With the line containing "(150CV) DSG #16" as the starting point, write out each line exactly through the final line of the listing, both ends included.
---
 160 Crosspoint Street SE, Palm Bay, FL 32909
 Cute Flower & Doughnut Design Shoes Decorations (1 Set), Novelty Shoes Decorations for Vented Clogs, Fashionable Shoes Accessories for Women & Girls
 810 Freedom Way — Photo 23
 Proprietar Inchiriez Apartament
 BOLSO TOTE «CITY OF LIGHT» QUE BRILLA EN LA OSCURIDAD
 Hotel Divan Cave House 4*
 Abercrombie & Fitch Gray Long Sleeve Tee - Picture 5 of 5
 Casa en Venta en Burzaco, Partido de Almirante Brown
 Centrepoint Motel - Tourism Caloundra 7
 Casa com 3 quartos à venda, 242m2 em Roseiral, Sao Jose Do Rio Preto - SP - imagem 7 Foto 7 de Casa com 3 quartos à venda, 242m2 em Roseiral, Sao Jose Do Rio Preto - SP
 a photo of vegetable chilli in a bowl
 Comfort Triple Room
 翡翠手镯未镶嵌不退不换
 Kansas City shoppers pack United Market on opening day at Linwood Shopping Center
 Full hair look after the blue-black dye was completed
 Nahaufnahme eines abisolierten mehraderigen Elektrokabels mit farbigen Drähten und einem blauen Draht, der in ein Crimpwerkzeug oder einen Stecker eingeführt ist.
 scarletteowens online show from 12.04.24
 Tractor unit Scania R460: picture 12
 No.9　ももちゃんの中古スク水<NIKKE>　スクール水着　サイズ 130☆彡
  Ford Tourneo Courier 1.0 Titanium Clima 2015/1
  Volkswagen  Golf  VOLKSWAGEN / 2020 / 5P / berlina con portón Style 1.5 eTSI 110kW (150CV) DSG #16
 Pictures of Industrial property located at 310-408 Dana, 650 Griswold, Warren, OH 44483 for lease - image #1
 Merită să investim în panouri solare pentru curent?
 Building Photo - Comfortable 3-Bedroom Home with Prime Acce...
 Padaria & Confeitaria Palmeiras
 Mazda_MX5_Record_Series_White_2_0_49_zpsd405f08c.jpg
---
Written answer
  Volkswagen  Golf  VOLKSWAGEN / 2020 / 5P / berlina con portón Style 1.5 eTSI 110kW (150CV) DSG #16
 Pictures of Industrial property located at 310-408 Dana, 650 Griswold, Warren, OH 44483 for lease - image #1
 Merită să investim în panouri solare pentru curent?
 Building Photo - Comfortable 3-Bedroom Home with Prime Acce...
 Padaria & Confeitaria Palmeiras
 Mazda_MX5_Record_Series_White_2_0_49_zpsd405f08c.jpg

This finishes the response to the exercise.